═════ SUPPLIED DATA ═════
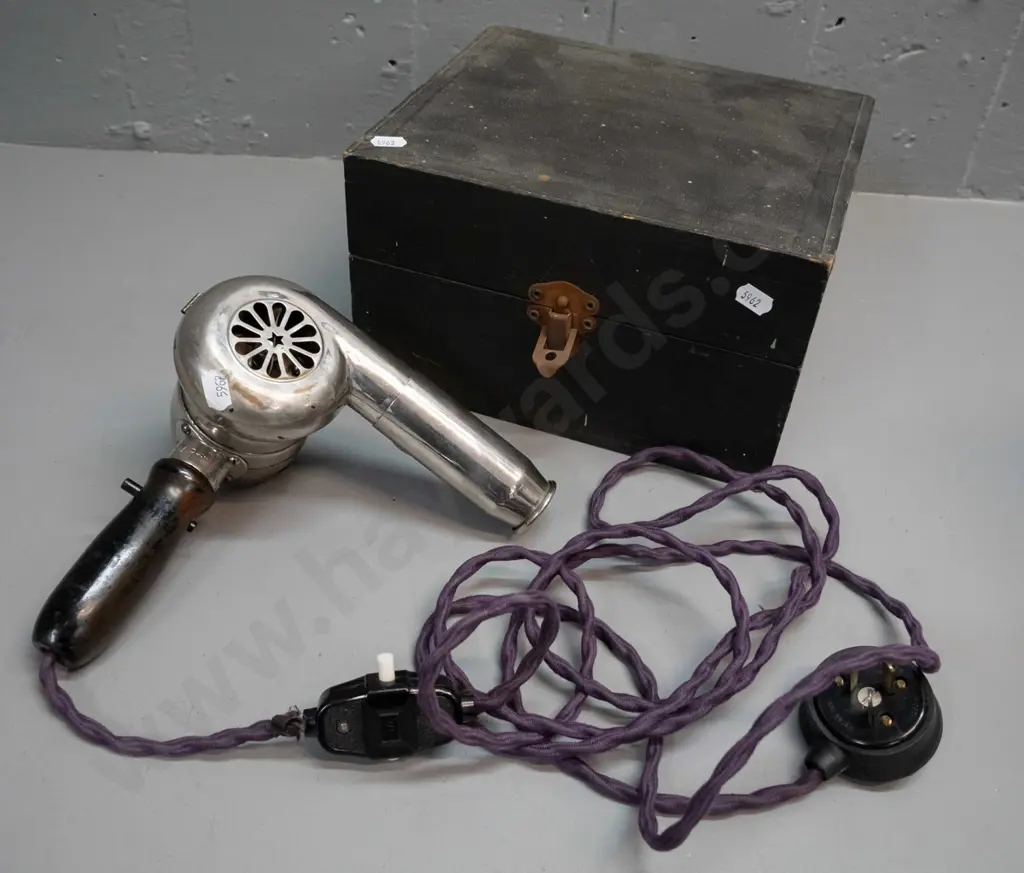 vintage Star-Rite hair dryer in fitted and lined hard case - marked Fitzgerald Mfg Co. Torrington Connecticut Image 1++
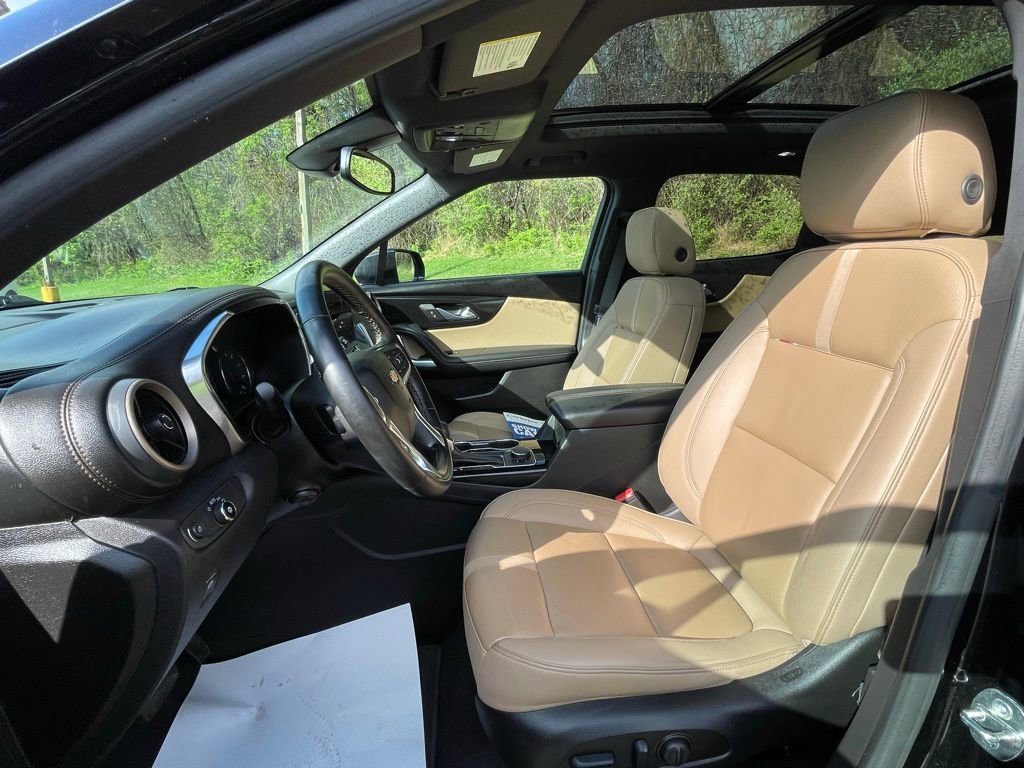 Used 2023 Chevrolet Blazer Premier w/ Enhanced Convenience Package image 28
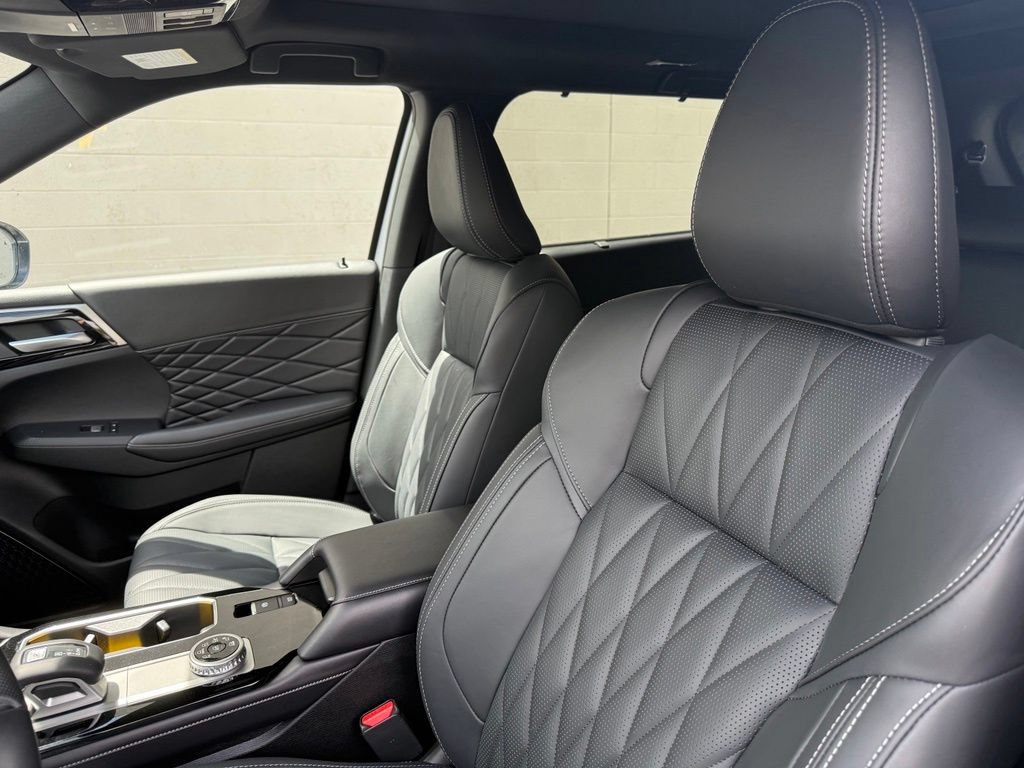New 2026 Mitsubishi Outlander SEL Black Edition AWD/4WD image 23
═════
*ACTIVITY*: Take the lines from the one containing "Used 2023 Chevrolet" through the last line of the listing and repeat them exactly. Omit the pictures.

*THE COMPLETED TASK*:
 Used 2023 Chevrolet Blazer Premier w/ Enhanced Convenience Package image 28
New 2026 Mitsubishi Outlander SEL Black Edition AWD/4WD image 23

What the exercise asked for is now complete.